STA, 25 April 2022 - One of Slovenia's most prolific painters France Slana has died, aged 95, several media reported on Monday. He was most known for his oil paintings and watercolours, but also for his prints, painted ceramics and tapestries. He was one of the 1964 recipients of the Prešeren Fund Prize.
Slana was a painter of classical themes as his work is centred around landscape, figurative and still-life painting.
He often depicted ethnology-related motifs such as typical Slovenian hayracks, barns, mills, wine cellars, interiors of old inns and attic rooms. He is also well known for his paintings of bouquets, roosters, cats and fish.
According to art historian Milojka Kline, he presented glimpses of the everyday life of the common man and the characteristics of their worlds in various moods, spanning from the poetic, imbued with nostalgia, to the effective expressiveness conveyed by the painter's easily recognisable stylisation.
Born in the village Bodislavci in the north-east of Slovenia in 1926, he started painting actively during the Second World War as a member of the Slovenian anti-Nazi resistance movement.
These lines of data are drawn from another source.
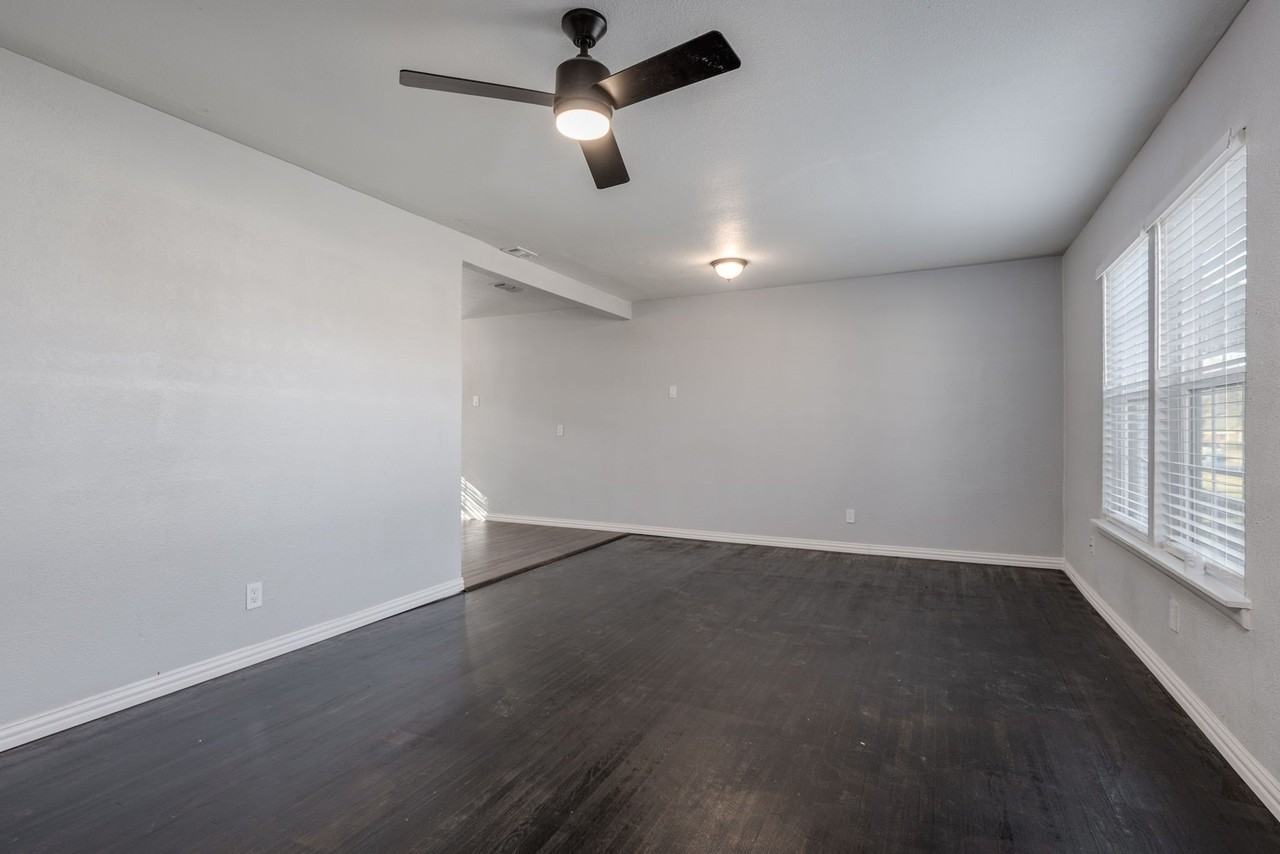 2824 Lockhart Ave - Photo 3 of 16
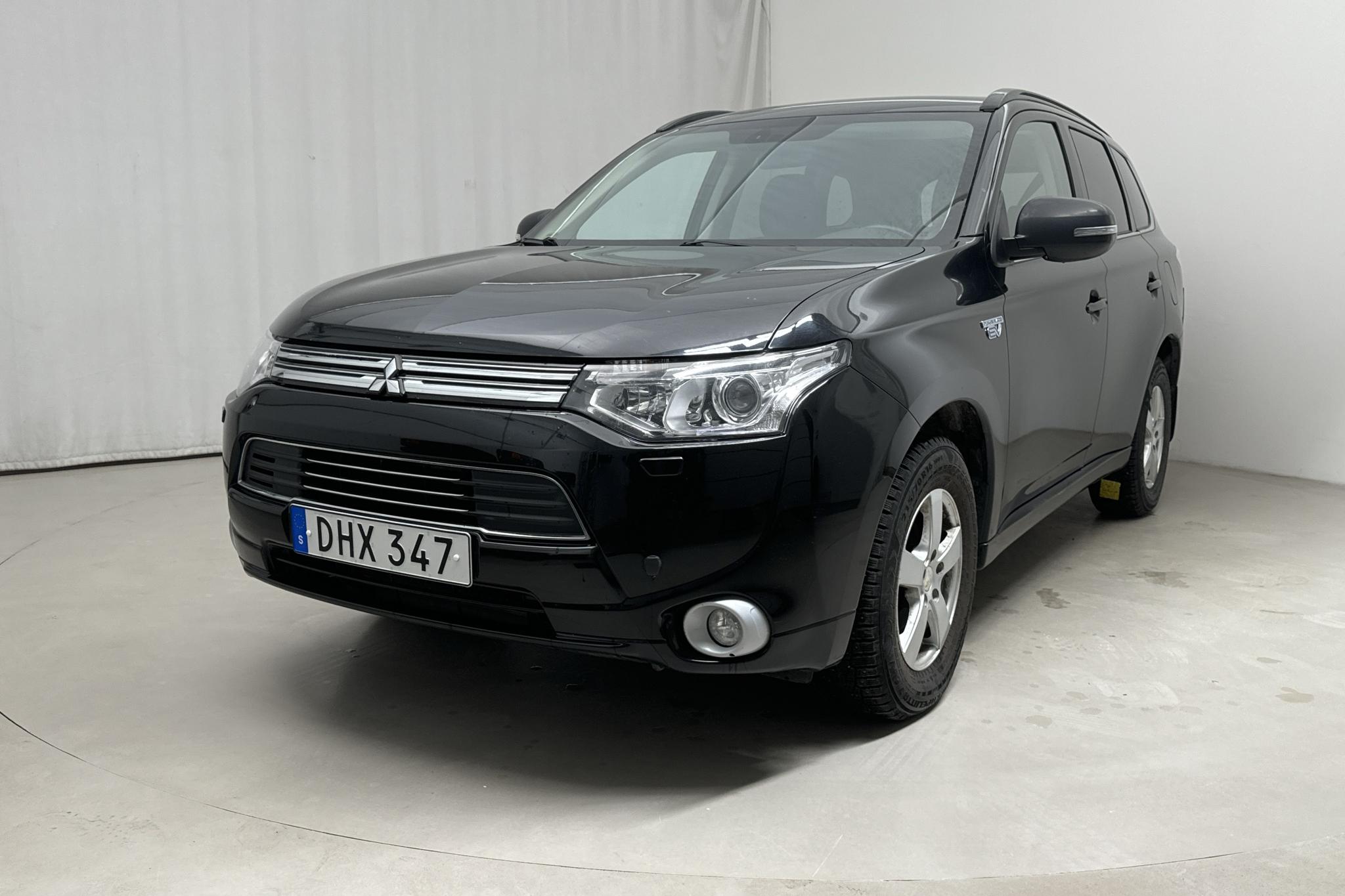 Mitsubishi Outlander 2.0 Plug-in Hybrid 4WD (121hk) - 83 770 km - Automatyczna - czarny - 2014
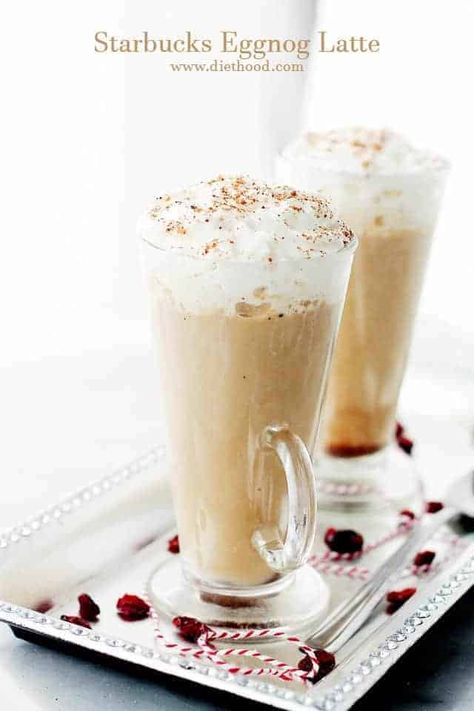 A perfect Christmas morning coffee drink! This festive, Starbucks-inspired latte is made with strong brewed espresso, steamed eggnog and milk. It's so GOOD! #christmasmorning #christmasdrinks #eggnogrecipe #coffeerecipe #starbuckscopycat Eggnog Latte Recipe, Eggnog Latte, Copycat Starbucks Recipes, Eggnog Recipe, Egg Nog, Starbucks Copycat, Starbucks Coffee Recipes, Latte Recipe, Starbucks Recipes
In 1949, he graduated from the Academy of Fine Arts in Ljubljana, and before that, he took a painting course with acclaimed illustrator Hinko Smrekar, considered one of the pioneers of Slovenian graphic art.
He was well-travelled for the time, having visited France, Norway, Egypt and the US. He had his first solo exhibition in 1953, and afterwards the number of solo shows at home and abroad topped 150.
Slana received the Prešeren Fund Prize in 1964 for a series of works on a quake-stricken Macedonian capital, Skopje, which was ruined by an earthquake in 1963.
In 2013, he released an extensive publication on his work.